Anggota Badan Hisab Rukyat Kementerian Agama (Kemenag) utusan dari Planetarium Jakarta punya jawaban ilmiah terkait pentingnya melakukan sidang itsbat untuk satu Dzulhijah.
“Sidang itsbat penting untuk memfasilitasi konfirmasi rukyat atas hisab,” kata dia kepada //Republika// usai melakukan konferensi pers soal perbedaan penetapan satu Dzulhijah di Arab Saudi dan Indonesia.
Selain menjadi tanggung jawab pemerintah untuk memberikan kepastian kepada masyarakat untuk menetapkan tanggal tertentu dalam bulan qamariyah, sidang itsbat juga merupakan amanat dari fatwa MUI no 2 tahun 2004. Di situ menjelaskan penentuan Syawal, Ramadhan dan Dzulhijah berdasarkan pada rukyat dan hisab.
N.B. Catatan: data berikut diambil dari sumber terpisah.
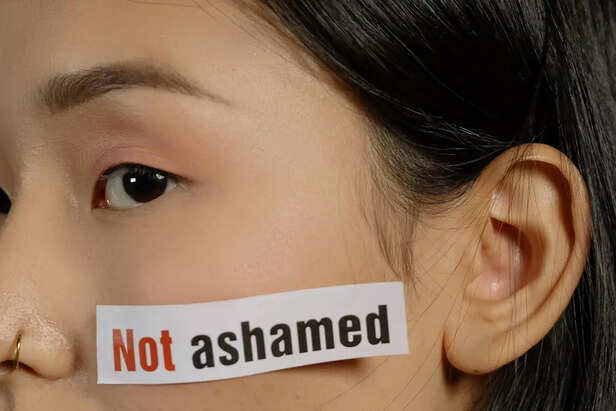 A Girl with a 'Not Ashamed' Sticker on Her Face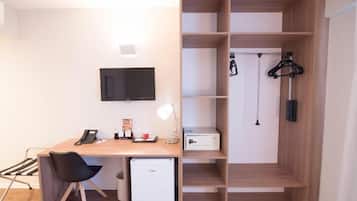 A compact office space with a desk, chair, and a small refrigerator. There is a television mounted on the wall and a shelving unit with hanging items.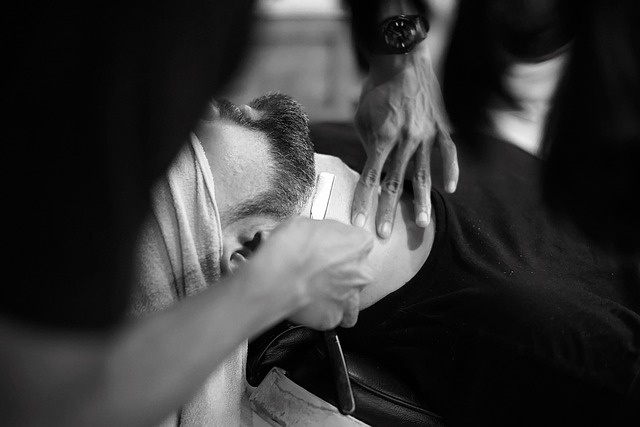 Barber giving a straight-razor shave to a customer in a small barbershop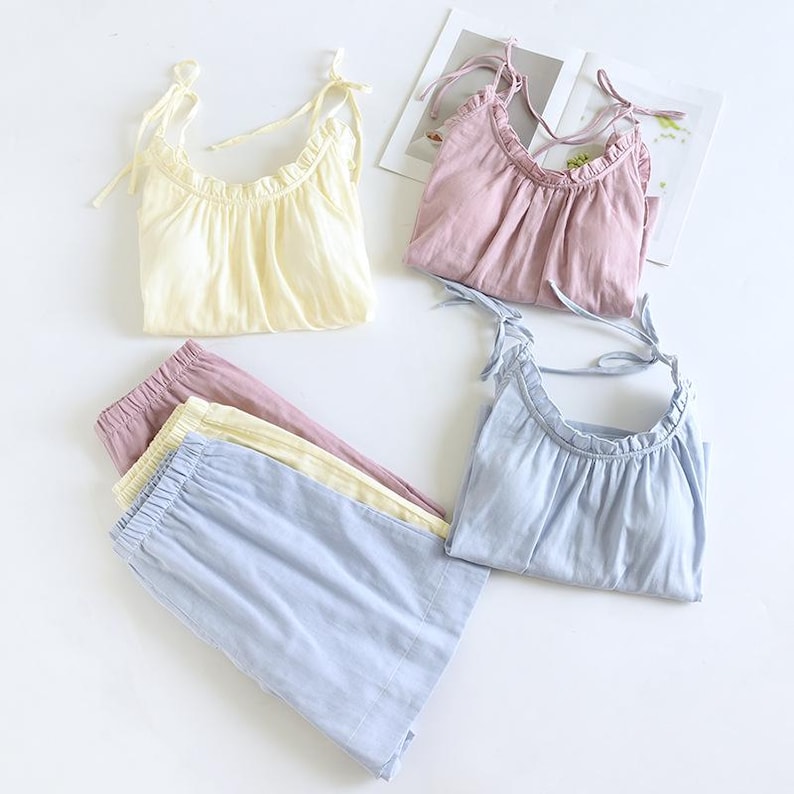 May include: A collection of pastel-colored sleepwear sets. The sets include tops with tie straps and ruffled necklines, paired with matching elastic-waist shorts. Colors include pale yellow, lavender, and light blue. The fabric appears soft and lightweight.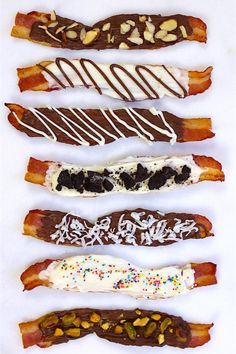 five different types of bacon wrapped in chocolate and sprinkled with white frosting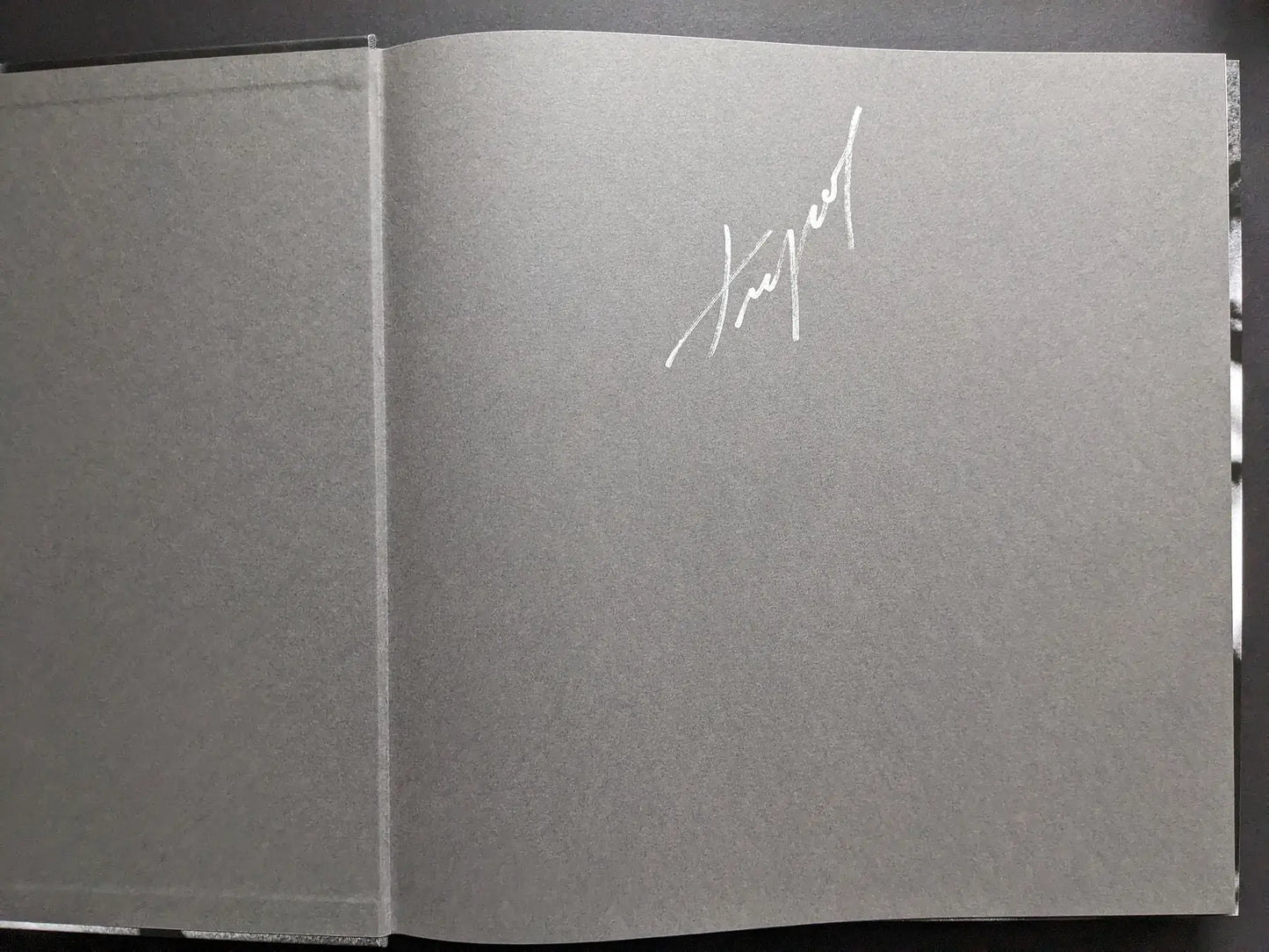 Signed gray endpaper of the “Oleksandr Glyadyelov” photobook with the photographer’s signature in white ink.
“Kalau hisab itu tidak perlu ngumpul-ngumpul, tapi rukyat dilaksanakan di akhir bulan qamariyah tertentu untuk menegaskan hisab,” terangnya.
Menyoal puasa Arafah,ia menerangkan puasa tersebut tidak diartikan sebagai puasa yang waktunya bersamaan dengan jamaah haji ketika di Arafah. Pengertian puasa arafah, berdasarkan kesepakatan para ahli syariat di Indonesia, ialah puasa yang dilaksanakan pada 9 Dzulhijah, makanya pelaksanaannya pun mengikuti tanggal yang ditetapkan pemerintah setempat berdasarkan //matla//.
Maka, pelaksanaannya pun tidak bisa diseragamkan, melainkan berdasarkan keyakinan masing-masing wilayah. Ia pun mengimbau agar kepada seluruh umat Islam tetap memegang teguh ukhuwah islamyiah dan rasa toleransi beragama meski terdapat perbedaan waktu Idul Adha.